Remember that these are my thoughts and may not always jive with your own. Note: This blog contains Adult Material and is not suited for those under 18 years of age.
nienna
xxx
It has been a long time since i last posted here. So much has changed, not all of it for the better. IceWolf and i are no longer together. We will be divorcing next September. i am left alone and shattered and wondering what it is that is wrong with me that i couldnt make it work. Was it all me, all Him, B/both. After 9 years together for it to be over and gone, its a bitter pill to swallow and try recover from.
It hasnt been easy. Nasty things have been said on both parts. Feelings hurt and questions being asked. We are trying to remain friends as it is how we started, but my God it isnt easy. We each know how to hurt the other best and hardest. And we cant seem to stop taking advantage of that. i have been told i am cold, bitter, angry, just like my mother. All the things that will tear down my self esteem and self worth the fastest. i have said some nasty things on my part as well, i wont sugarcoat that. i cant seem to stop the words that flow out of my mouth. i hear it and think, oh my God shut up and stop making it worse.

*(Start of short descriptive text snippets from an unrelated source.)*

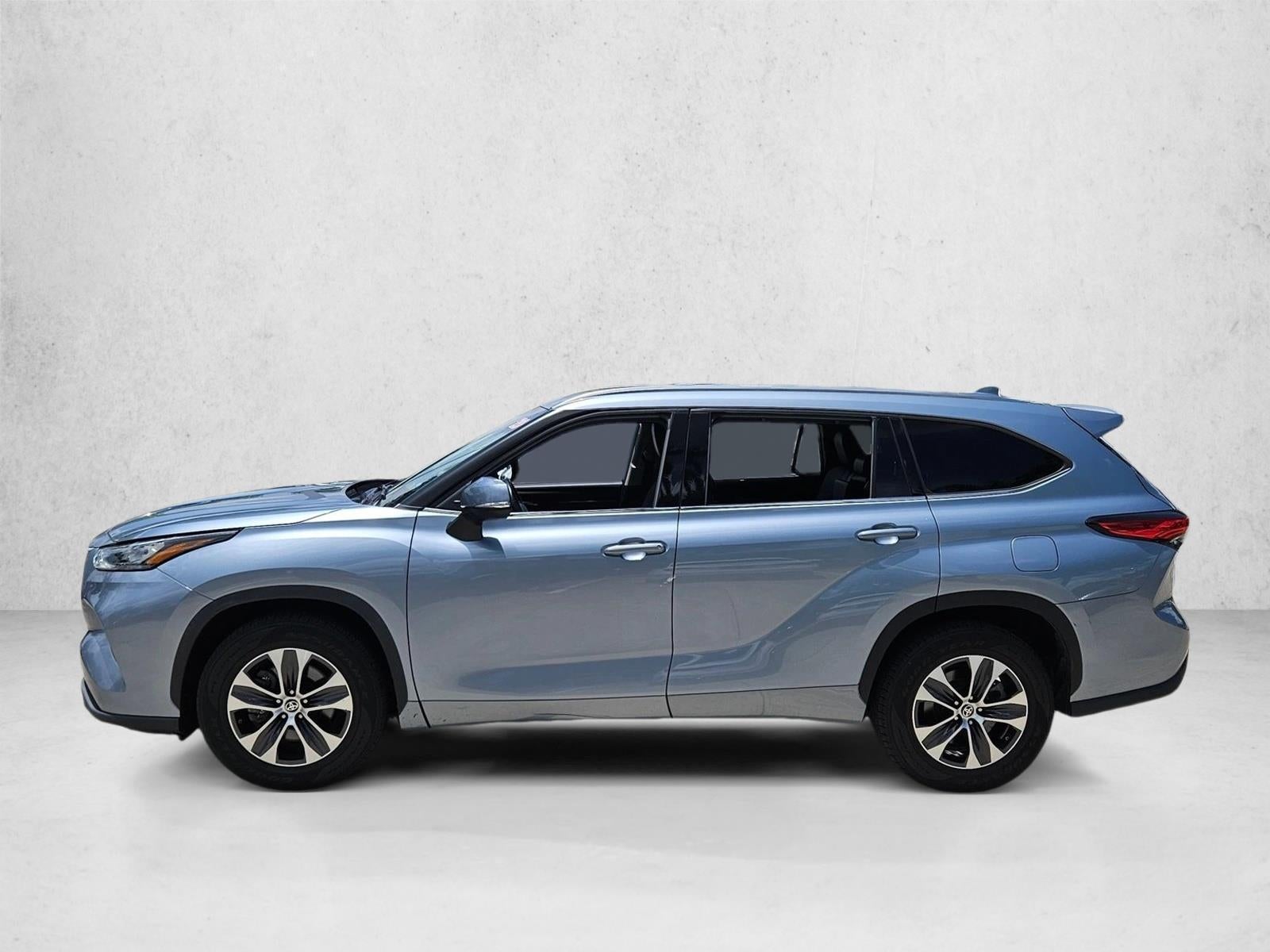 2020 Toyota Highlander XLE FWD (Natl)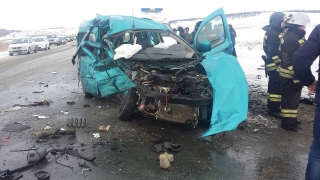 Трое взрослых и младенец погибли в автокатастрофе под Саратовом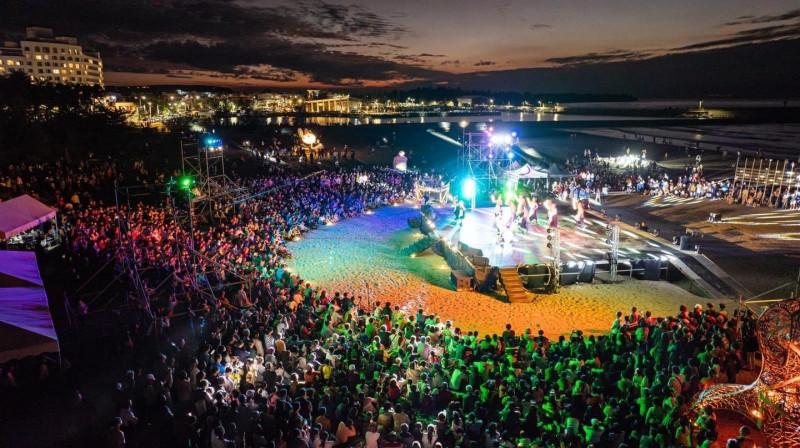 《海口狂想曲》115年1月3日黃昏時分席捲海口沙灘。（屏縣府提供）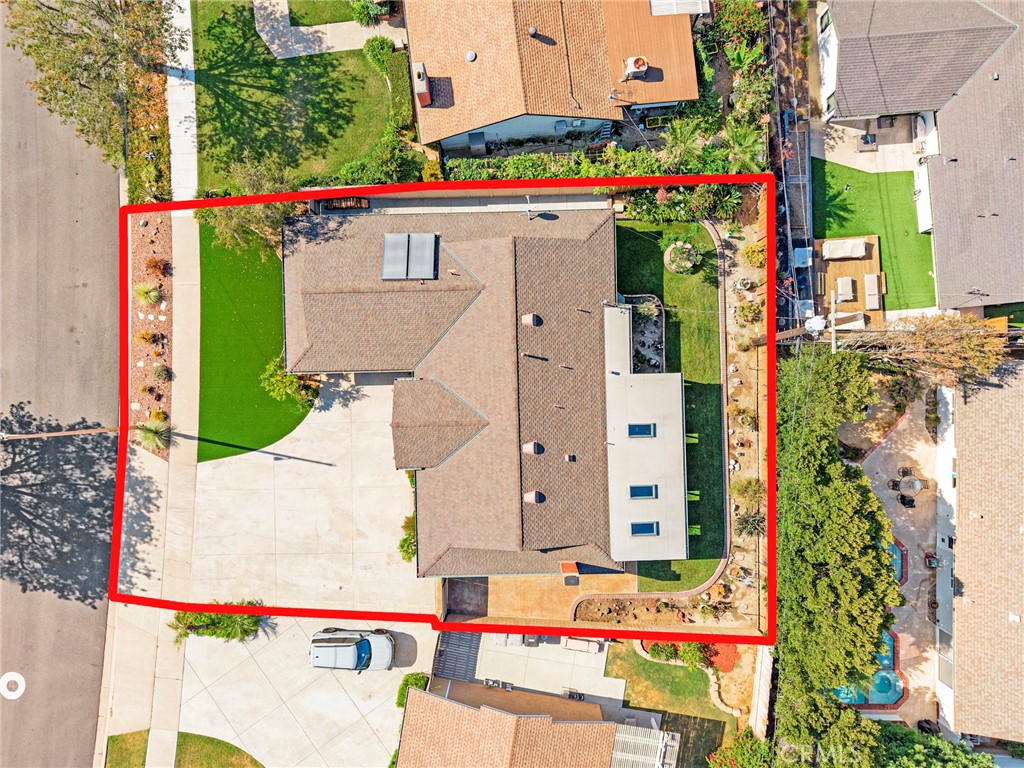 582 S Nutwood Street Property Photo 3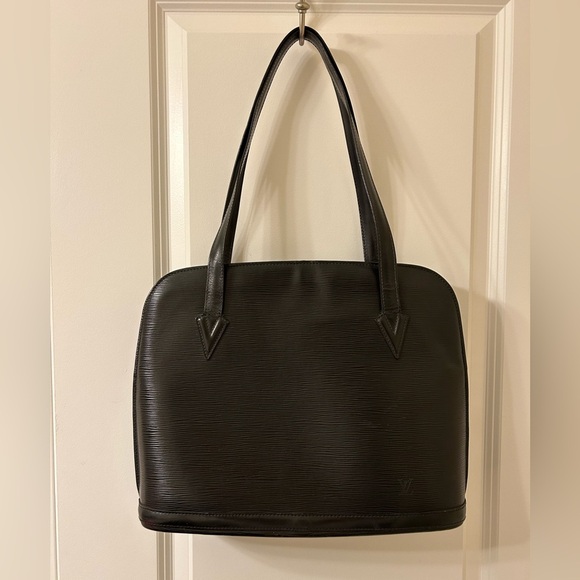 Louis Vuitton bag - Picture 1 of 10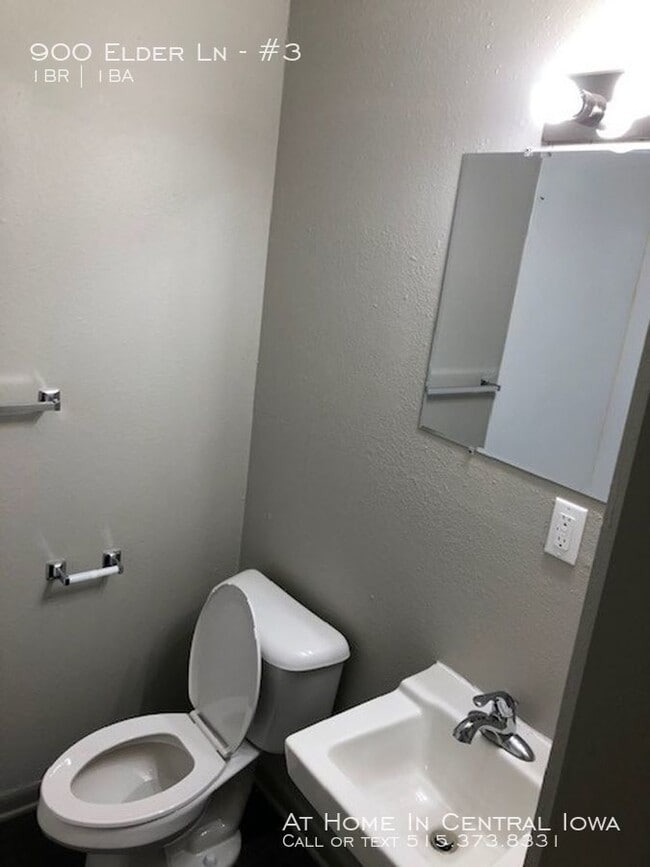 Building Photo - 900 Elder Ln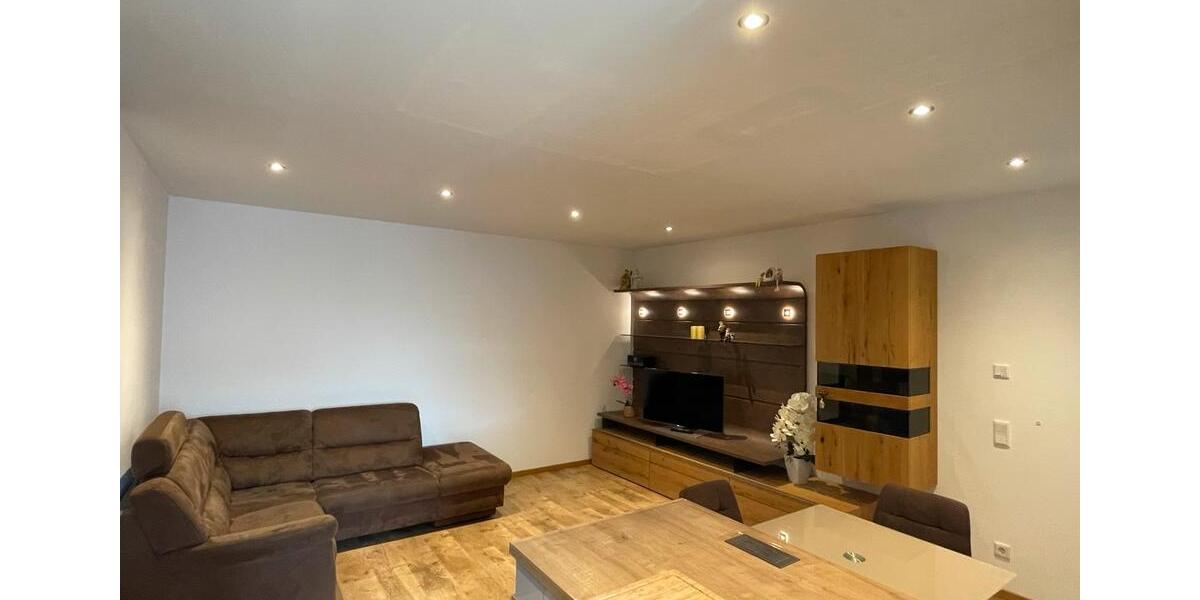 Erdgeschoßwohnung Landshut Landshut-West - 3 Zimmer, 79 m&sup2;, 1.380&euro; | Angebot:25456468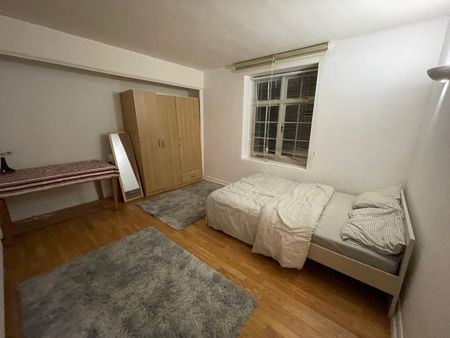 3 Bed Flat, Addison Way, NW11 - Photo 5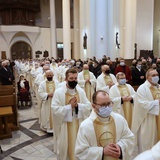 Liturgiczne rozpoczęcie posługi arcybiskupa koadiutora cz. 1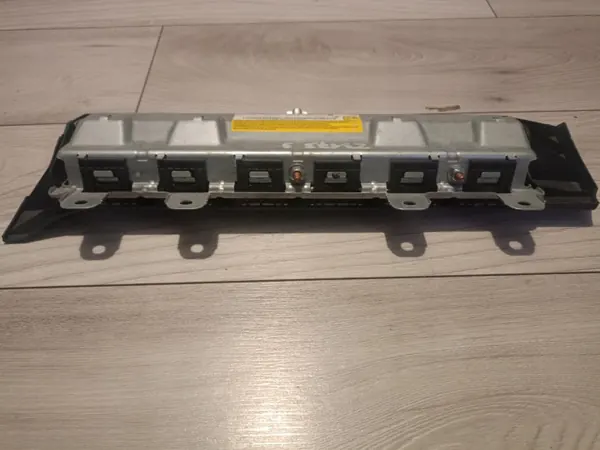 Mercedes B-klass knäairbag OEM a2468600302 image 3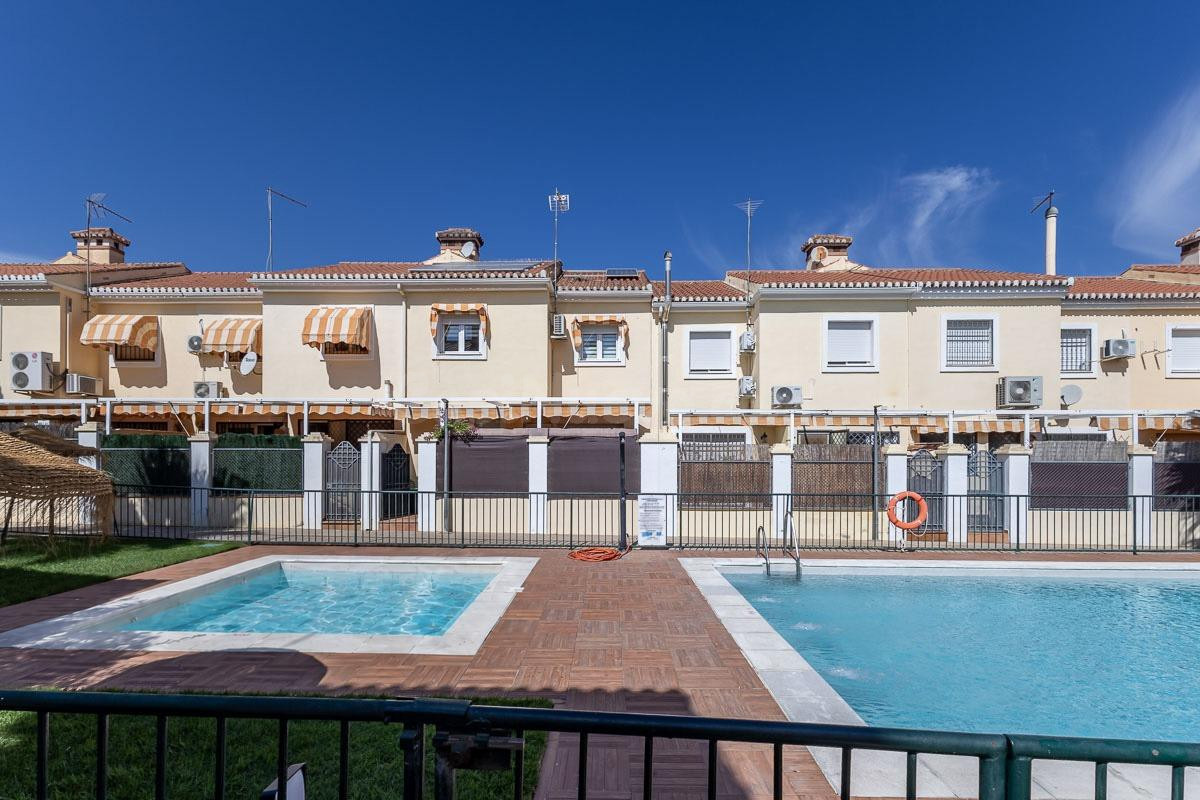 Casa en Llanos de Alhendín
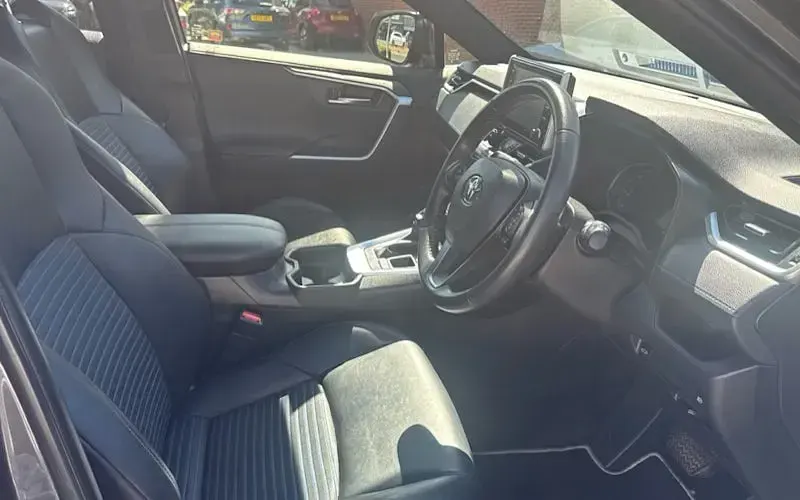 Used Toyota RAV4 Hybrid 218 HP (160 kW) 2022 Grey SUV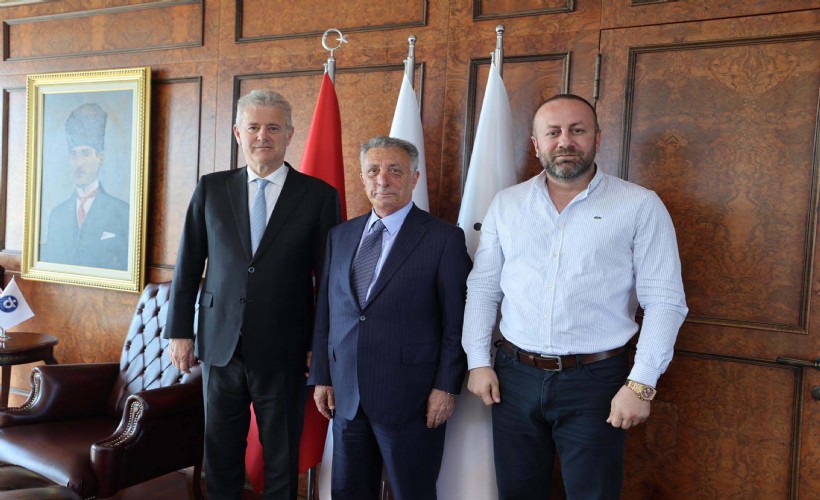 Altay'da umutlandıran zirve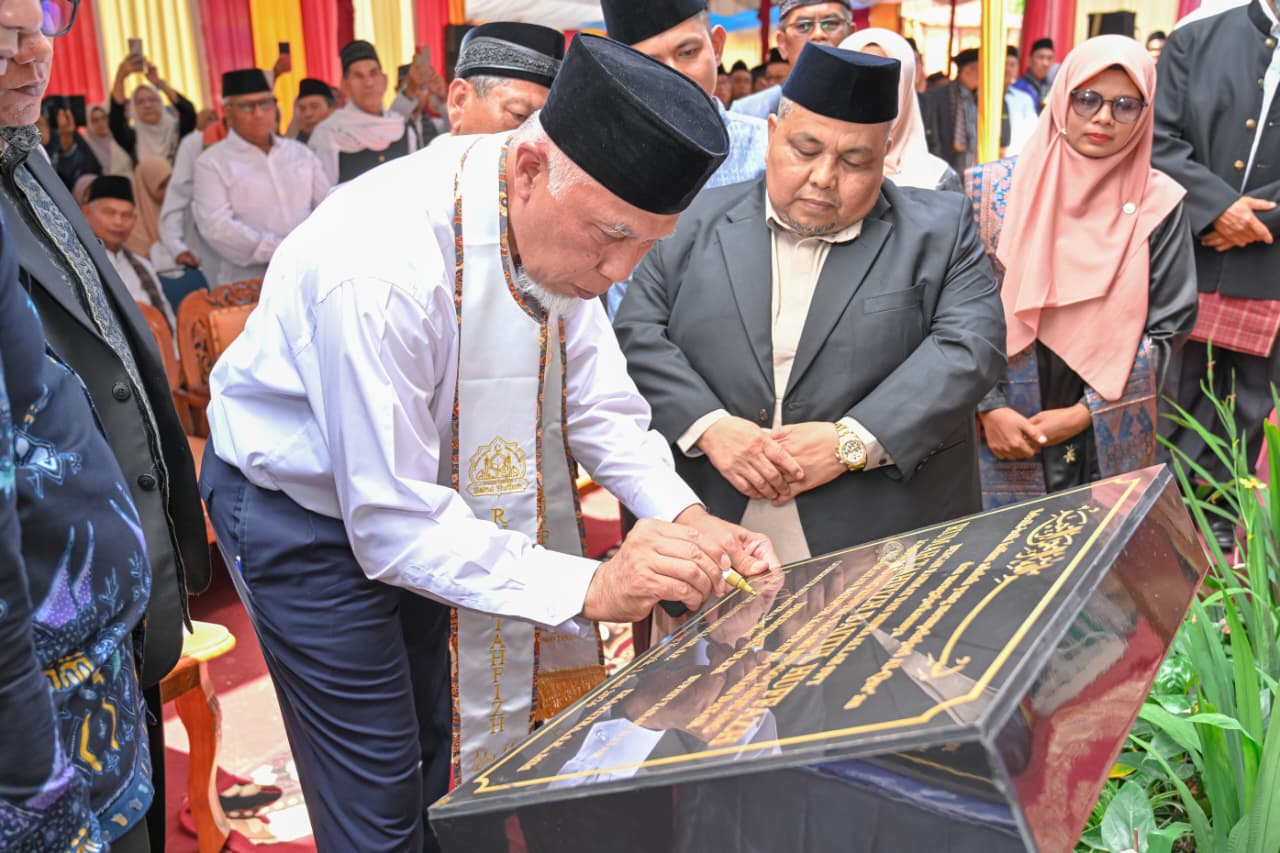 Gubernur Mahyeldi Ansharullah Resmikan Rumah Tahfiz Baitul Huffazh Perkuat Pembinaan Generasi Qurani di Tanah Datar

i know He suffers and is in pain. But at least there are those who comfort and support Him. i do not have that support system. All the friends i had are really His and of course choose Him. So i have to try muddle through alone and scared.
How do you heal and move on after such horrible things are said? How do you even think of trusting or loving someone again after the pain and damage done?
He told me i can never be the slave i crave because of my inability to trust completely and let go. i always look for the alterior motive, suspect i will be used, hurt, taken advantage of. Some of it is His doing, some of it is upbringing and years of childhood pain and disappointment. How do i get back the feeling and trust now lost. The need is there, inside me. To completely give myself and submit completely to One. i ache for it, crave it, cry because i think i cant do it and will never have that.
What happened to the girl i used to be? The one always smiling, laughing, playing with sisters and free in her submission. i cant find her anymore and in her place all i see is a woman broken, cold, scared and alone. "Time heals all wounds." What a crock. Doctors looking to make a buck use that term. Time wont make these feelings disappear. They have been with me my entire adult life. Maybe dormant, but always there. Little doubts and feelings of insecurity nagging at me. The wounds may stop bleeding someday, but the scars left in their wake will always be a reminder. Making me remember and hurt.
i miss who i used to be. And dont know how or even if i can get her back.